I got the file progress titlebar updater thing to work, but now I want to go a step further:
Have it find what jobs are running, and append their progress to a file, and have that file be constantly updated and outputted. Right now, I'm just working on getting to the directory where the job was run from (in order to check the progress). What I currently have is:

myjobs | grep "bleh" | grep -v -e "blah" | awk '{ print $4 }' | find . -name `head -n 1` -printf %h

What this does is first output the jobs currently set up, one line at a time, then it takes the ones containing "bleh" and removes the lines containing "blah", then grabs the 4th column (which contains file names) and then returns the directory in which the first file in the list is located. What I would like to do now is switch to that directory. I tried doing this:

myjobs | grep "bleh" | grep -v -e "blah" | awk '{ print $4 }' | cd `find . -name `head -n 1` -printf %h`

but it gave these errors:

find: missing argument to `-name'
bash: -printf: command not found
bash: cd: head: No such file or directory

Is there an easier way to do this?

Also - If I am going to get this to work, I need to be able to count the number of rows once "bleh" has been extracted and "blah" has been removed, then be able to repeatedly "sed -e '1d'" to remove the first line and then do the process again (cd to directory, execute other commands to get file progress) until there are no more lines left.
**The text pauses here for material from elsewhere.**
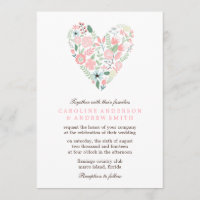 Modern Floral Heart Wedding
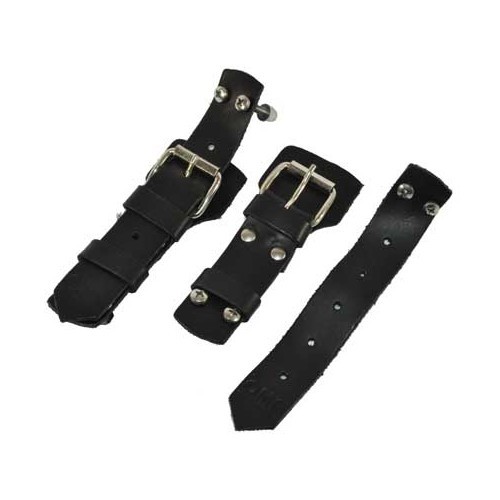  Clip per cofano OMP in pelle nera - 2 pezzi - UA14012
Any help with this would also be appreciated, as I just started using linux a few weeks ago.
Old 06-12-2003, 09:27 PM   #2
Registered: Feb 2003
Distribution: Debian
Posts: 797

Rep: Reputation: 30
First of all, can't we put this into a script, instead of one line.
; )

maybe try something like:

for i  in `head -n 1`
  cd `find . -name $i -printf %h`

btw, the problem was in the two sets of quotes.. the shell can't tell where one ends and the next one starts.
ie. you were executing:
cd `find . -name `

check out 'man wc'
maybe 'wc -l' will work for what you want.